As I was growing up, as a kid in the early 90’s, I quickly learned that anything that said it was made in China was an inferior product to those that were made here in the USA.  However, even with this connotation of poor quality it seemed that every product that I came into contact with was made somewhere outside of the country.  Over these years, leading to this very day, the vision of these products has moved away from the poor quality of old.  Now it seems that what truly upsets us about products not made in with the USA is the fact that we have many of our own looking high and low for a job in the manufacturing industry.

In recent years it has seemed to have come nearly impossible to compete with markets like China, where it comes to manufacturing, with considerably low wages being received by their workers.  While wages in China are coming up, from an average of 58 cents per hour in 2001 and an estimated $6 per hour in 2015 http://www.csmonitor.com/Business/new-economy/2012/0510/As-Chinese-wages-rise-US-manufacturers-head-back-home, there is still a large gap compared to their American counterpart, at about $19 per hour http://www.trade.gov/mas/ian/MBU/index.html.  Even so, as stated in the Wall Street Journal article “Once Made in China: Jobs Trickle Back to U.S. Plants” manufacturing jobs are starting to make their way back to the good old USA.  The progress has been slow in the American manufacturing market after a 35% decline in jobs between 1998 and 2010 we have seen just a 4.3% increase since.  But, this increase that is expected to be about 3.2% this year compares to that of just 1.6% in all other fields.

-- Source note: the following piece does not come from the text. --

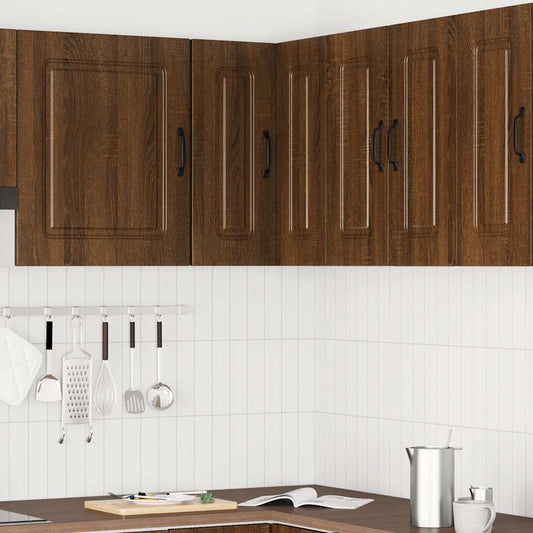 Pensile da Cucina ad Angolo Kalmar Rovere Marrone in Truciolato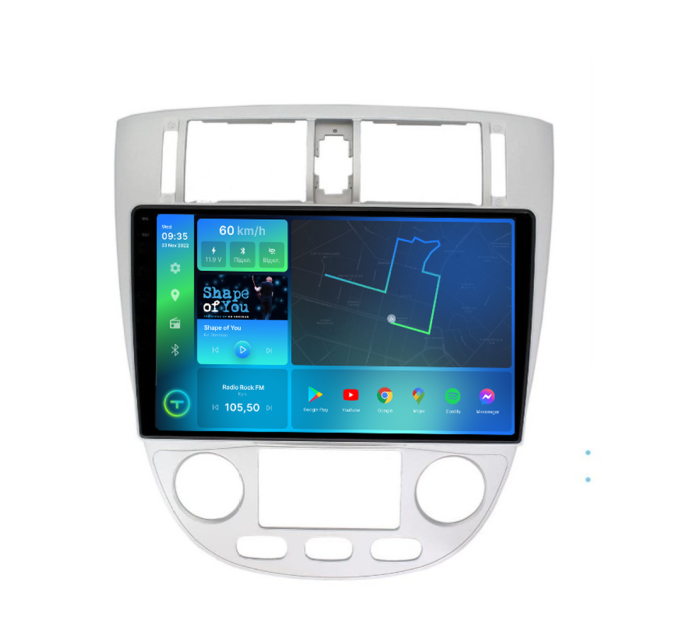 Штатна магнітола Torssen 2K Chevrolet Lacetti 04-13 climate F9432 4G Carplay DSP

These changes in the American manufacturing market have reasons that are not solely based on the increase in wages overseas.  It has been said that the American is more than 3 times more productive than that of their counterparts from China http://online.wsj.com/article/SB10001424052702304587704577333482423070376.html#project%3DSLIDESHOW08%26s%3DSB10001424052702304363104577390470454369272%26articleTabs%3Darticle.  Shipping costs are becoming increasingly more expensive and companies are coming out close to even, if not better off, manufacturing in America when these costs are put into play.  These factors and the fact that overseeing the physical production becomes worlds easier when it is taking place in your back yard are bringing manufacturing jobs, little by little, back to the USA.